◆ DIRECTIONS FOR THIS TASK:
I would like every record reproduced exactly, with the pictures left out.

(Scraped caption text data)
Segment Open
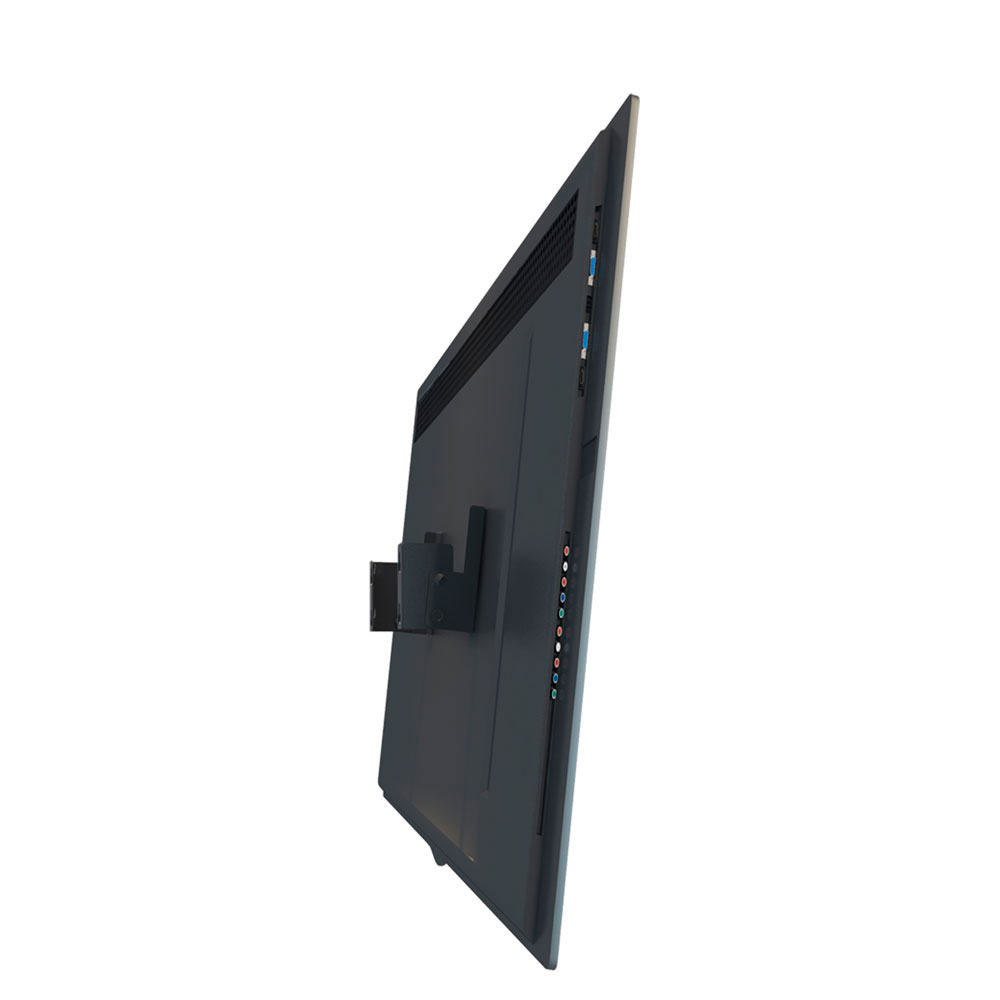 http://b2b.multicoisas.com.br/media/catalog/products/p/v/ image number 1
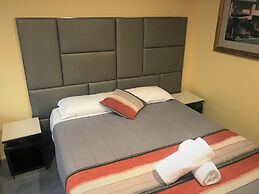 Toukley Motor Inn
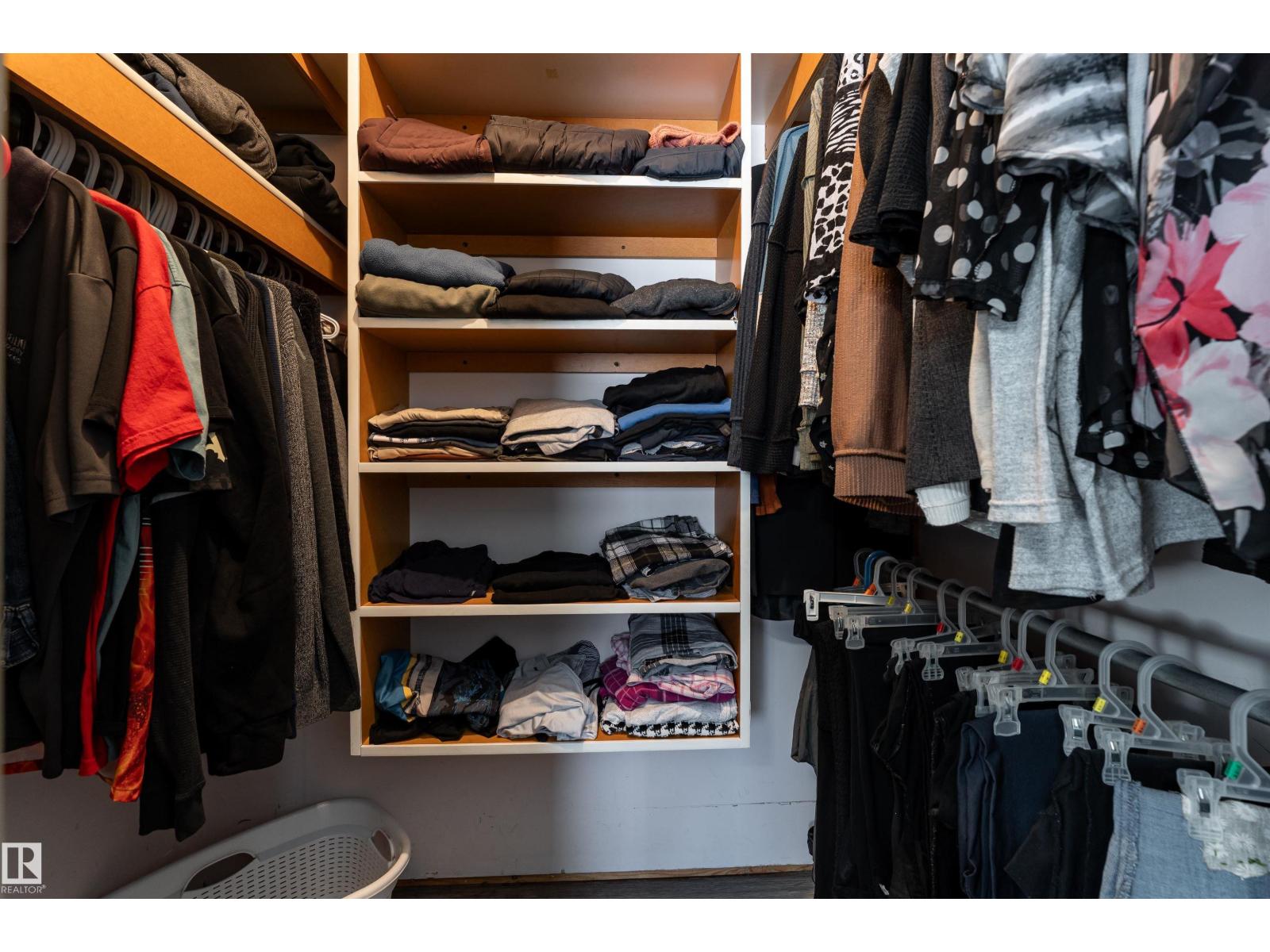 4 2228 Parkland Dr, Rural Parkland County, Alberta  T7Y 2L2 - Photo 24 - E4474937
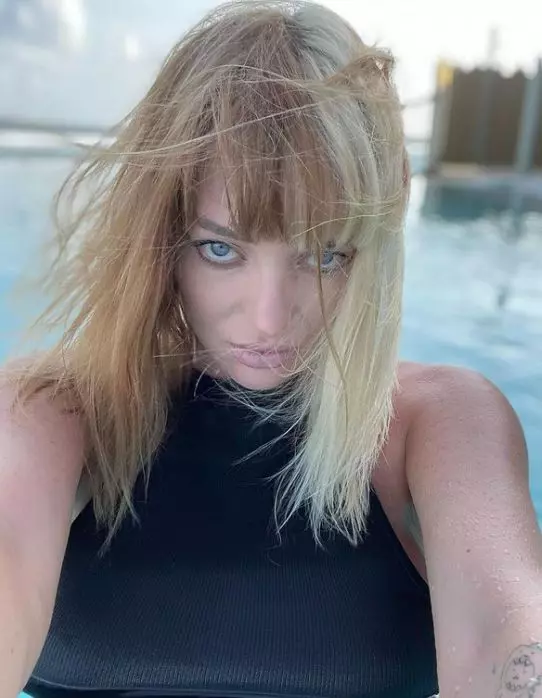 delia-costum-de-baie-6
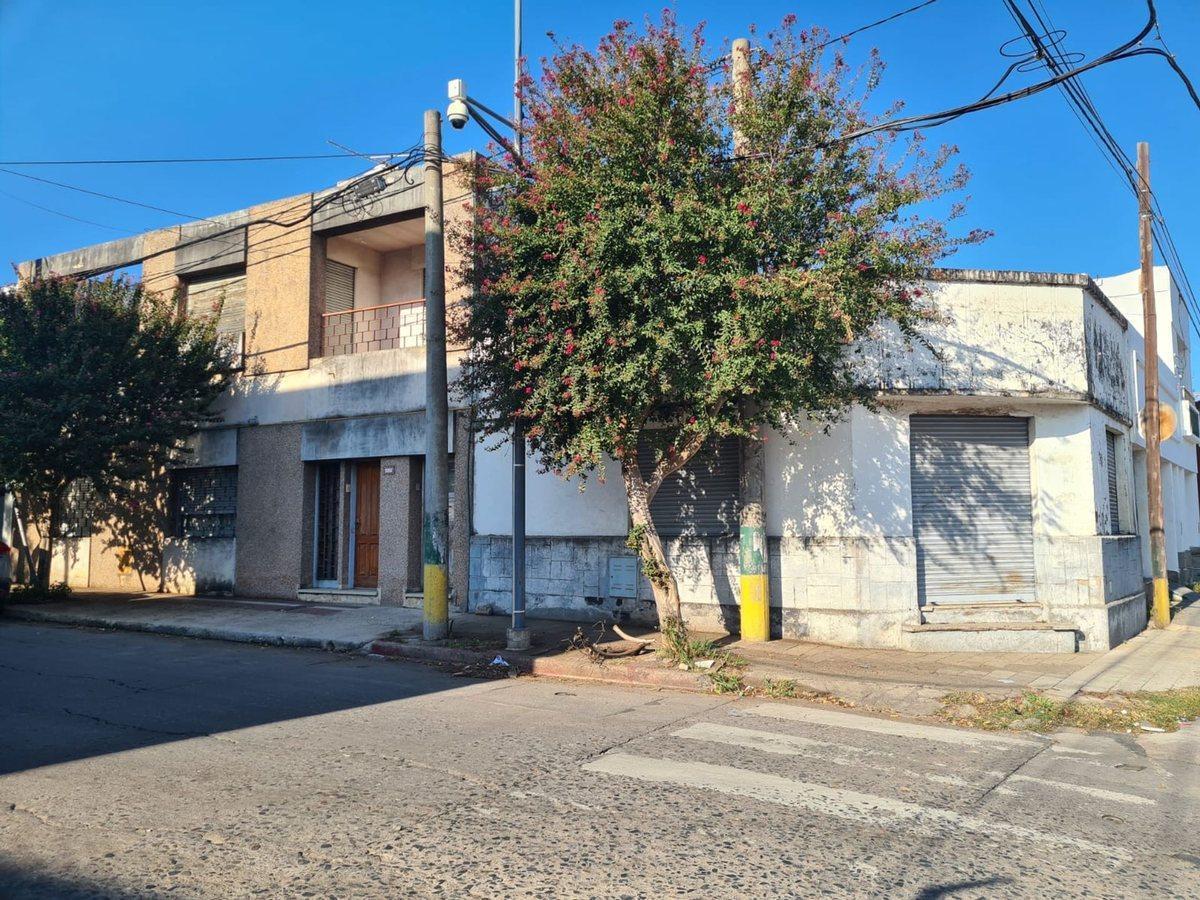 Foto de VENTA CASA 4D + LOCAL BV LOS GRANADEROS- LA FRANCE, imagen 5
Segment Closed
◆ TASK RESPONSE:
 http://b2b.multicoisas.com.br/media/catalog/products/p/v/ image number 1
 Toukley Motor Inn
 4 2228 Parkland Dr, Rural Parkland County, Alberta  T7Y 2L2 - Photo 24 - E4474937
 delia-costum-de-baie-6
 Foto de VENTA CASA 4D + LOCAL BV LOS GRANADEROS- LA FRANCE, imagen 5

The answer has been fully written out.